Quiero darte las gracias por tu nombre, que me recuerda el olor de los montes de Toledo en primavera.

Quiero darte las gracias por tu mirada de alma vieja, que me ha devuelto tantas veces a lo verdaderamente importante.

Quiero darte las gracias por el máster en conocimiento interior que me has facilitado y me sigues facilitando.

Quiero darte las gracias por tu alegría escandalosa, que lo inunda todo y lo vuelve más amable.

Quiero darte las gracias por tu imparable locuacidad, que me ha abierto nuevas visiones sobre el silencio.

Quiero darte las gracias por hacerme de espejo, por permitirme verme al desnudo, ¡y cómo asusta eso!

Quiero darte las gracias por devolverme la frescura, la espontaneidad y la presencia.

Quiero darte las gracias por haberme desescolarizado.

Quiero darte las gracias por enseñarme que cada uno traemos una esencia que debe ser entendida y respetada, y por la humildad que eso genera.

Quiero darte las gracias por todas las palabras luminosas que me dices y que me recuerdan  que los niños tienen tanto que enseñarnos…

Quiero darte las gracias por haberme reconciliado con mi propia infancia, y por aprender a ver en los demás a niños que sufren, más dignos de compasión que de juicio.

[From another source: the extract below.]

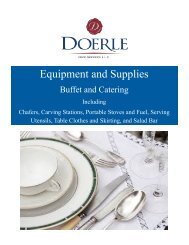 Doerle Foodservice Equipment and Supplies - Buffet and Catering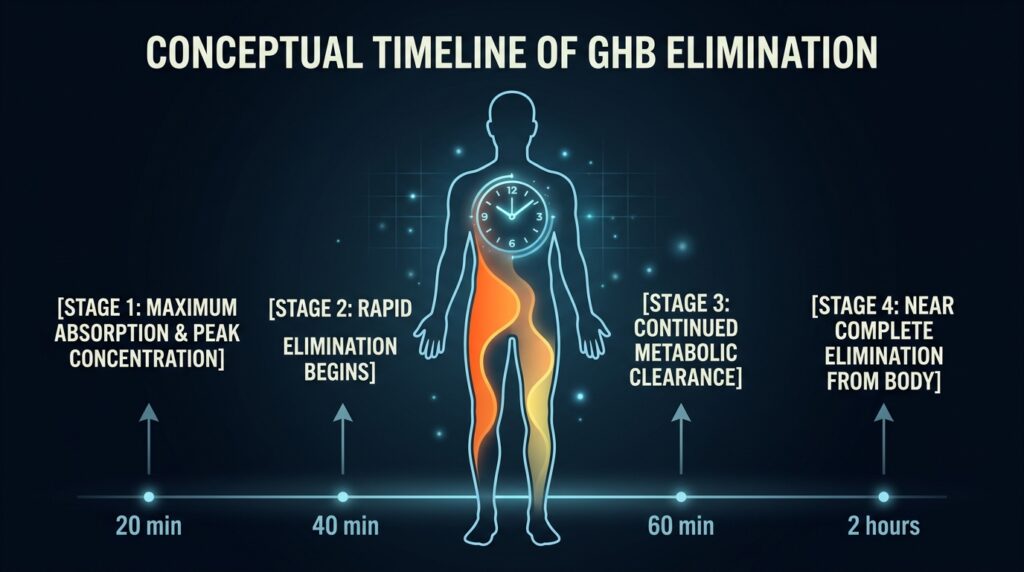 Halbwertszeit von GHB im Körper – Zeitleiste von 20 bis 60 Minuten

Quiero darte las gracias por tu forma especial y única de estar en el mundo.

Quiero darte las gracias porque, a pesar de todo, siempre me aceptas y me quieres como soy.

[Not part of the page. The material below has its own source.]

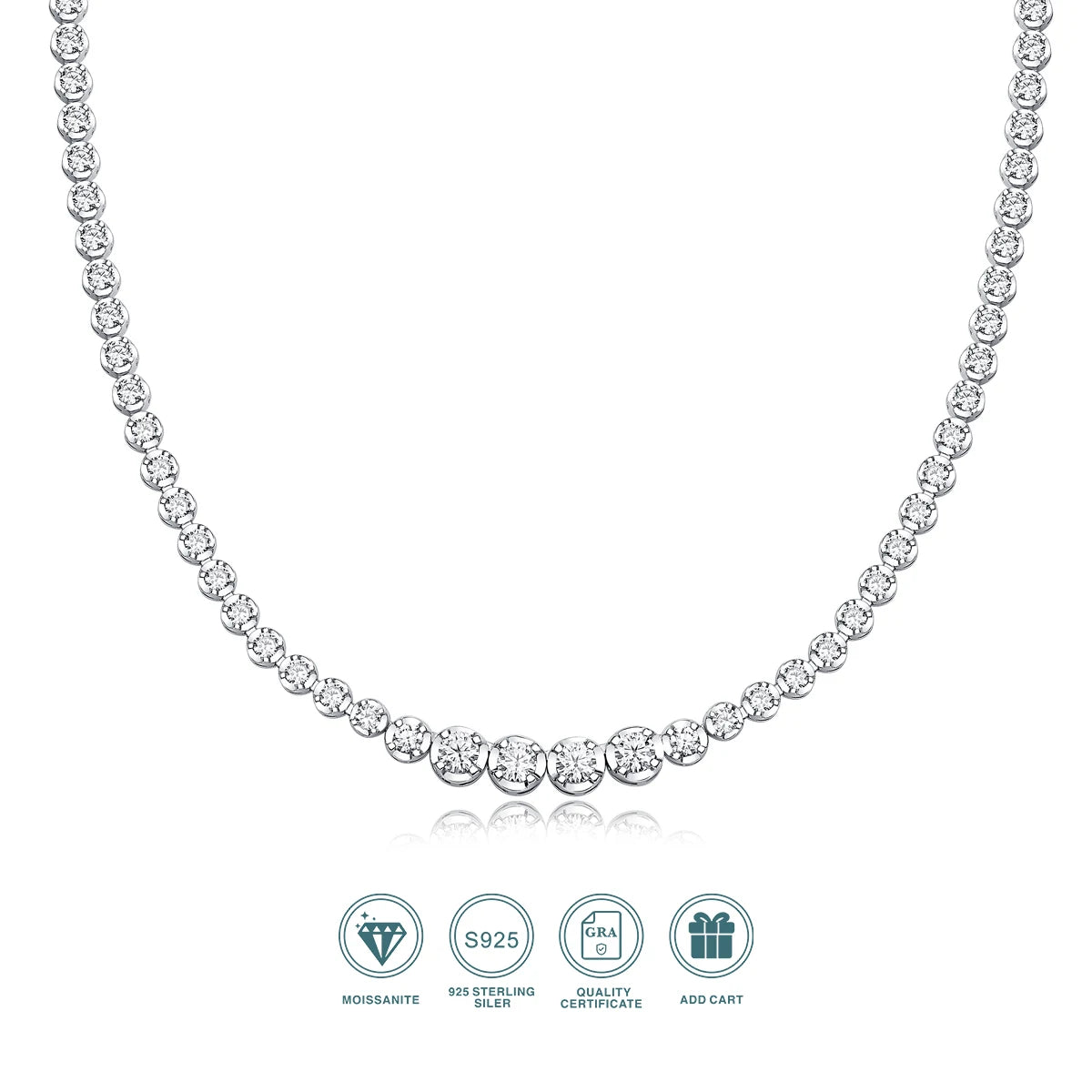 925 Moissanite Necklace Pendant With Certificate Gift For Women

Quiero darte las gracias por enseñarme la importancia de cuidarme, respetarme y amarme, para darte eso a ti también.

Quiero darte las gracias por hacerme mejor persona, convirtiendo los errores en oportunidades impagables de aprendizaje.

Quiero darte las gracias por haberle dado la vuelta a mis creencias y por entender que la vida vivida plenamente, tal y como tú haces, no las necesita.

Por último, quiero darte las gracias por haberme elegido, concediéndome el honorable privilegio de acompañarte.

Cuando la transformación nos abraza

Nacemos de los encuentros con los otros. Si nos abrimos a la vida, la transformación nos abraza. ¿Cómo seguir siendo igual después de conocerte?

Todo está entrelazado. Nada al azar. Las experiencias y las personas nos son dadas para crecer, igual que nosotros somos dados.

Puedo decir y digo que no me han hecho falta retiros espirituales ni sesudos estudios para bucearme y sacarme a la luz. Ella, una niña de siete años, me ha llevado de la mano en un camino a la vez duro, apasionante y hermoso hacia mí misma.

Gracias a ella, y a que he entrenado con tenacidad de asceta la habilidad de enfocar, es que hoy puedo escribirte, darte mi luz y mis sombras, tal vez alentarte, emocionarte o sacudirte las creencias.

Por ti, pequeña, y para que un día también los niños reciban las más altas condecoraciones.